Provided material –
_ _ _ _ _ _ _

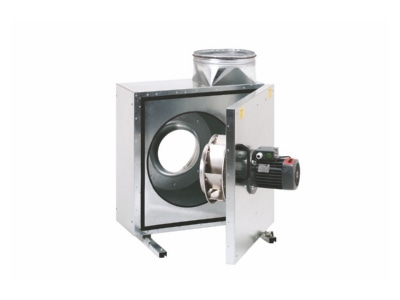 Product image Maico EKR 31 3 Soundproof exhaust air box 
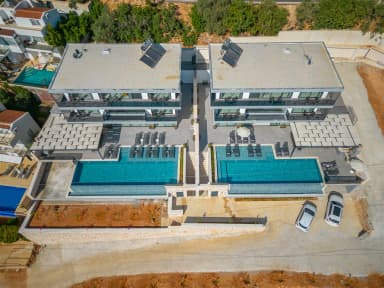 Villa Royal Falcon Tatil Villası 67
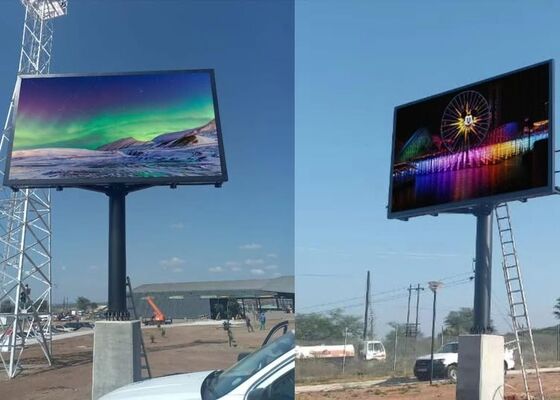 SCX LED Outdoor Full Color LED Display P5 mit QC und anpassbarem Design für Indoor- und Outdoor-Veranstaltungen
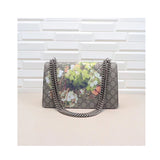 H-bag GUCCI  Dionysus 400249D Cross-body Bag for Womens Handbag Designer Fashion Single Shoulder Messager Bags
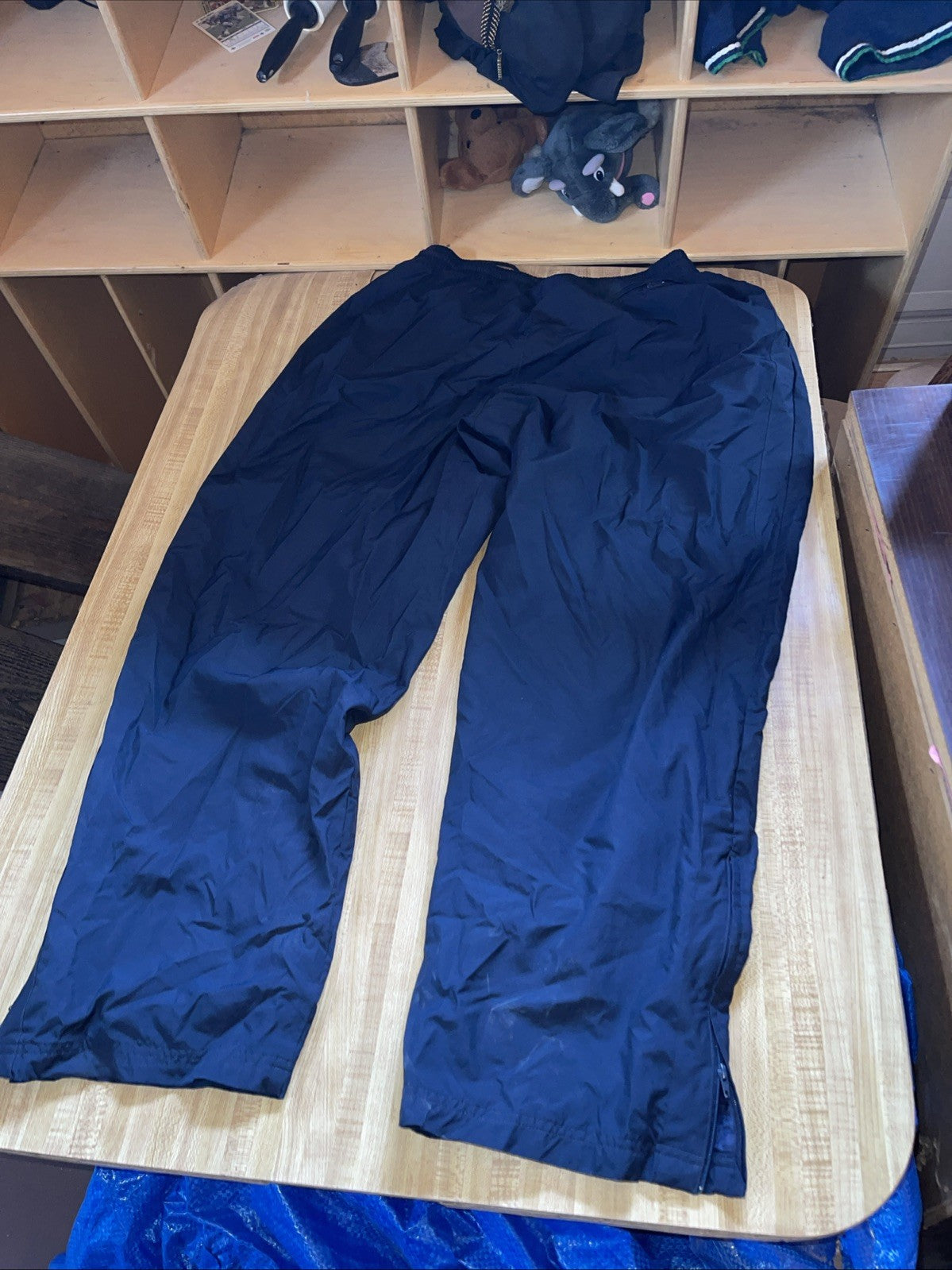 nike windbreaker pants xxl
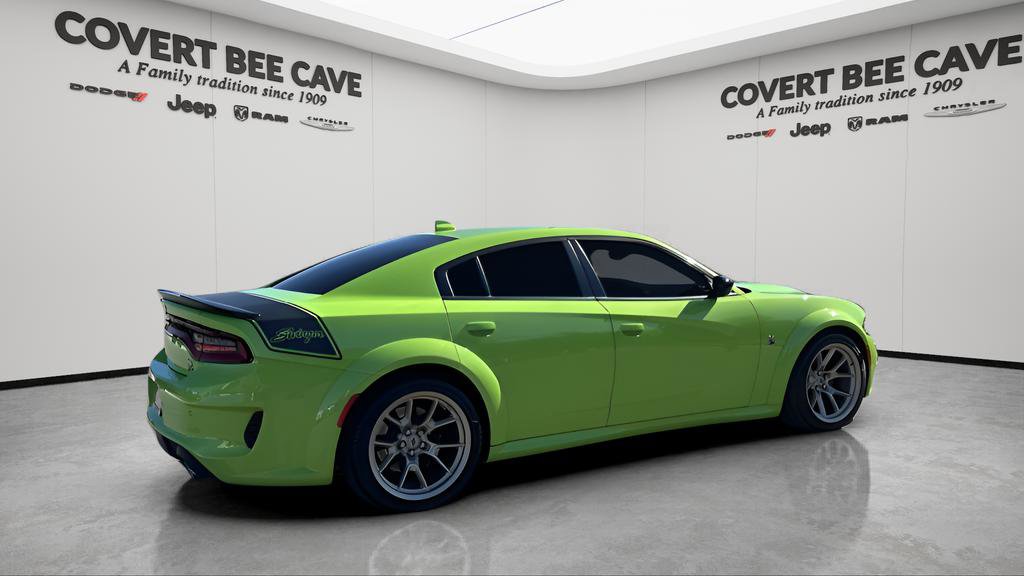 Certified 2023 Dodge Charger Scat Pack image 10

_ _ _ _ _ _ _

Aim of the exercise –
Before duplicating, set the pictures aside; then output exactly the lines from the one with "Shoulder Messager Bags" through the end of the records, and only those.

Answer –
 H-bag GUCCI  Dionysus 400249D Cross-body Bag for Womens Handbag Designer Fashion Single Shoulder Messager Bags
 nike windbreaker pants xxl
 Certified 2023 Dodge Charger Scat Pack image 10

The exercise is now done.